WHAT YOU WILL DO -
Transcribe word for word the section of the records below that opens with the line containing "9 Flaschen Weine (128)" and closes with the line containing "CML leukaemia"; drop every picture.

SOURCE RECORDS -

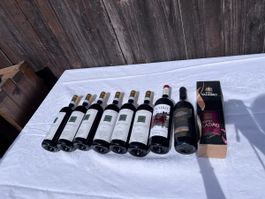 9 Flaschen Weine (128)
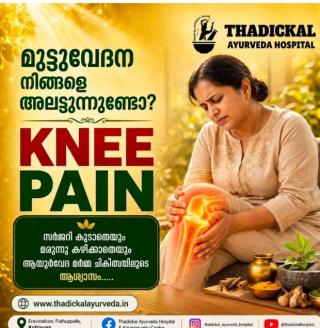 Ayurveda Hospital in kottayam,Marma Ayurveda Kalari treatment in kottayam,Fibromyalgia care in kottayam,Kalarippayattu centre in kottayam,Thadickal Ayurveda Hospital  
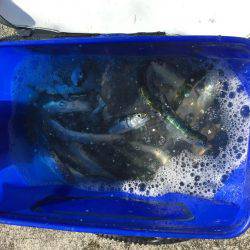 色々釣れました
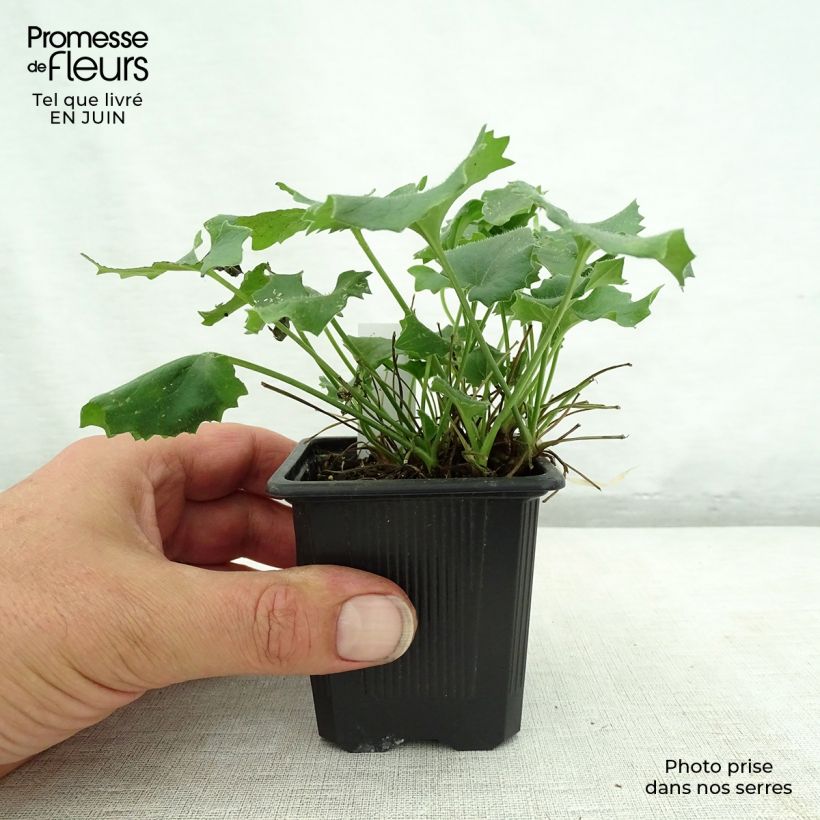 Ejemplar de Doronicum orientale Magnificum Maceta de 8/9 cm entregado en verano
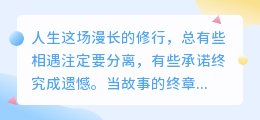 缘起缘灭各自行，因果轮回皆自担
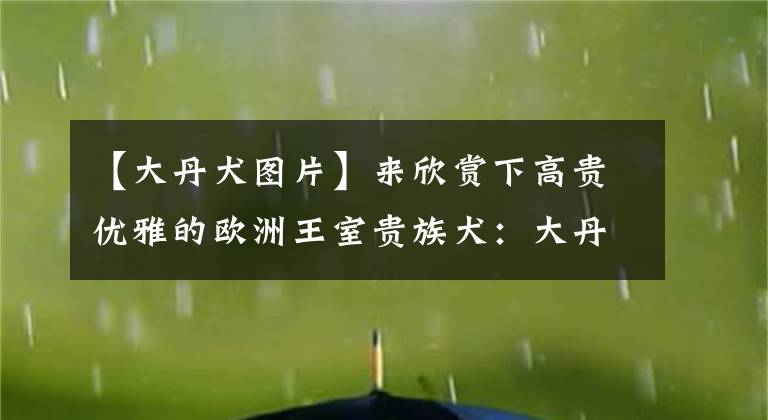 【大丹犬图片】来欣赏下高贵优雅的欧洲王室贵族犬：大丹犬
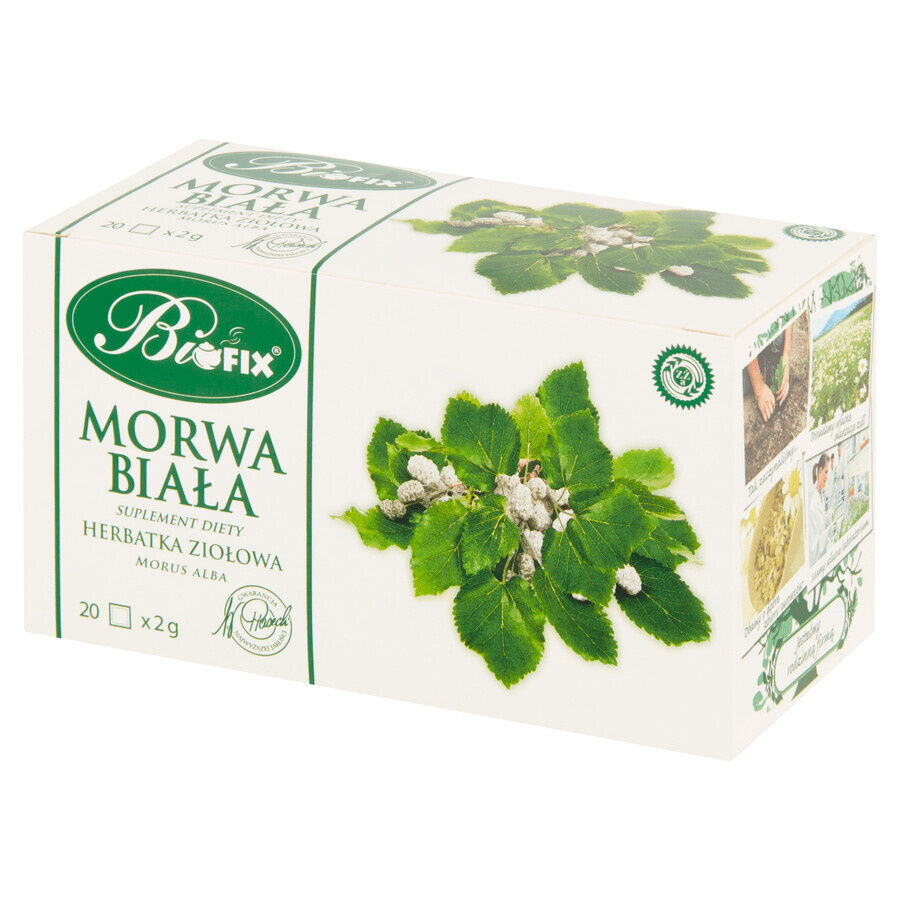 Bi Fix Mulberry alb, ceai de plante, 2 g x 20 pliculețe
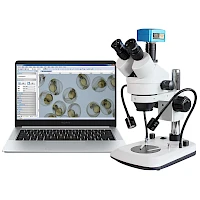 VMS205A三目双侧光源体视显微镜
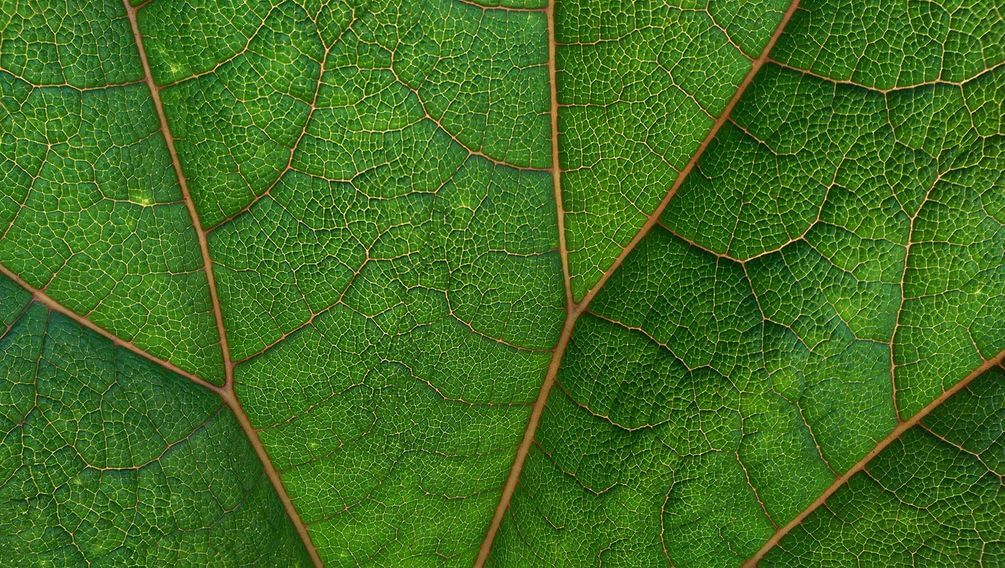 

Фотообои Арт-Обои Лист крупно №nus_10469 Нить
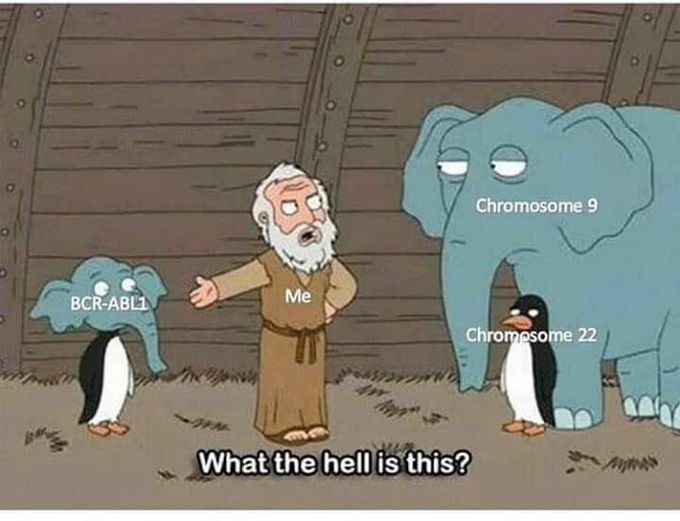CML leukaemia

...

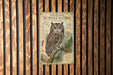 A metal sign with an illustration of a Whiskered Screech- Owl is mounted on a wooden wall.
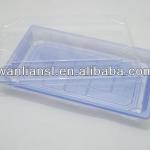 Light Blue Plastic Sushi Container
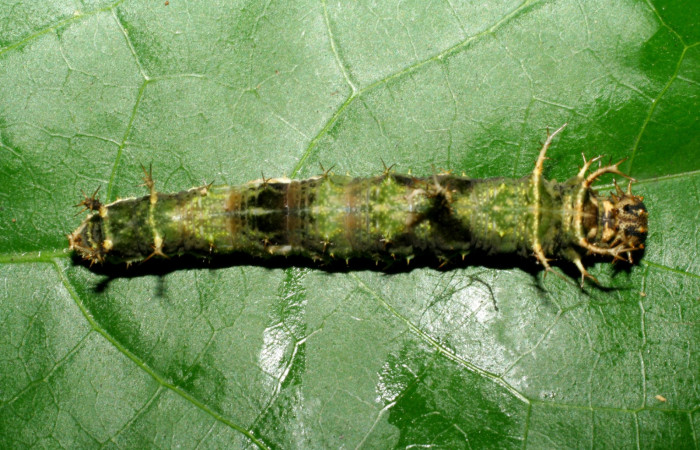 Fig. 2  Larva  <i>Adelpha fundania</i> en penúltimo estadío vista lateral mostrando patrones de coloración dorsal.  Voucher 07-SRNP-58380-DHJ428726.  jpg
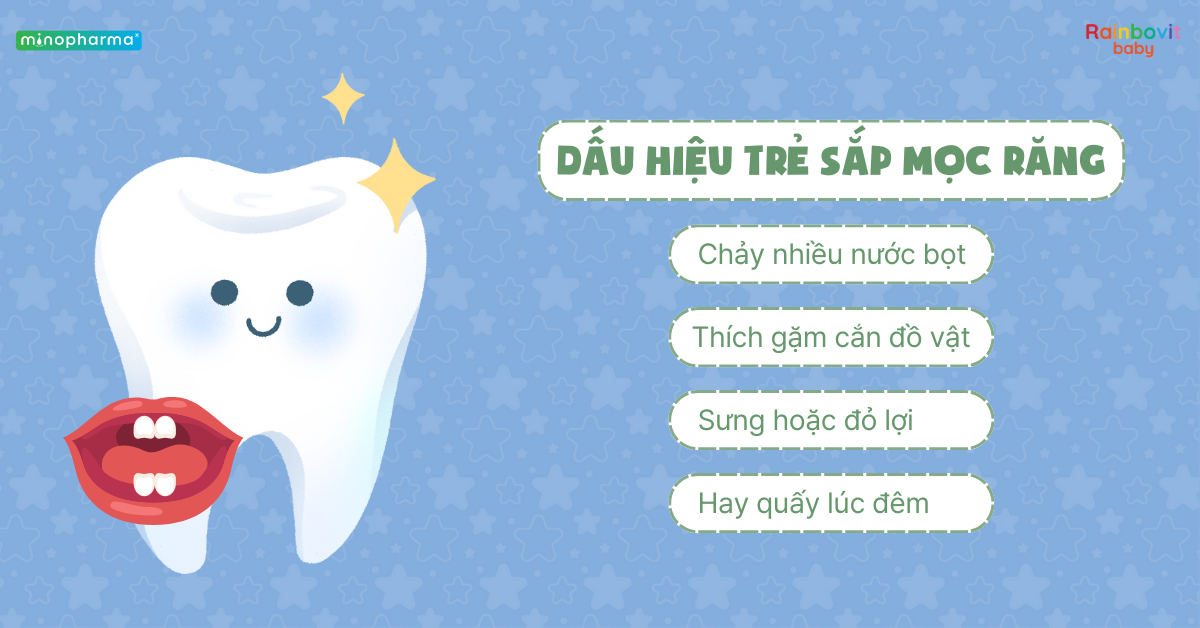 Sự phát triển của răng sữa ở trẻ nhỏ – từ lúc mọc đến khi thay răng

---

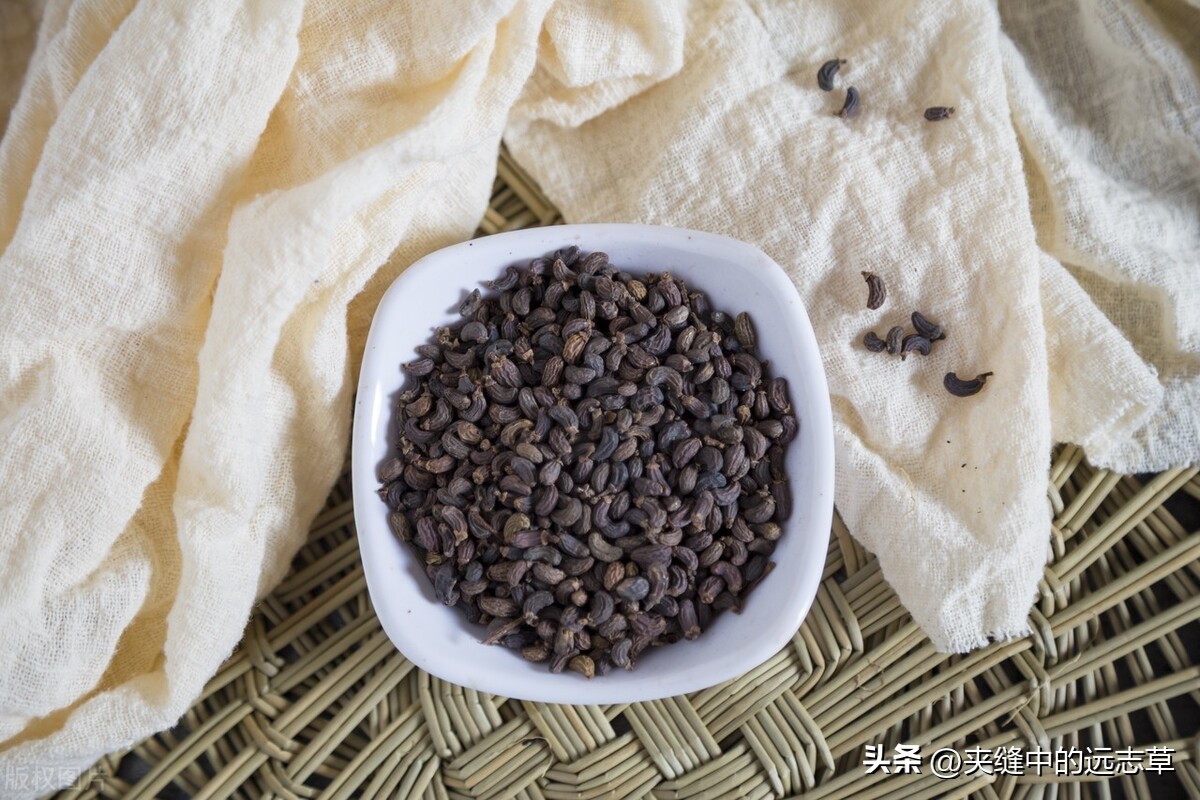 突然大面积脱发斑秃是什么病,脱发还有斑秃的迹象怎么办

EXERCISE ANSWER -
 9 Flaschen Weine (128)
 Ayurveda Hospital in kottayam,Marma Ayurveda Kalari treatment in kottayam,Fibromyalgia care in kottayam,Kalarippayattu centre in kottayam,Thadickal Ayurveda Hospital  
 色々釣れました
 Ejemplar de Doronicum orientale Magnificum Maceta de 8/9 cm entregado en verano
 缘起缘灭各自行，因果轮回皆自担
 【大丹犬图片】来欣赏下高贵优雅的欧洲王室贵族犬：大丹犬
 Bi Fix Mulberry alb, ceai de plante, 2 g x 20 pliculețe
 VMS205A三目双侧光源体视显微镜

Фотообои Арт-Обои Лист крупно №nus_10469 Нить
CML leukaemia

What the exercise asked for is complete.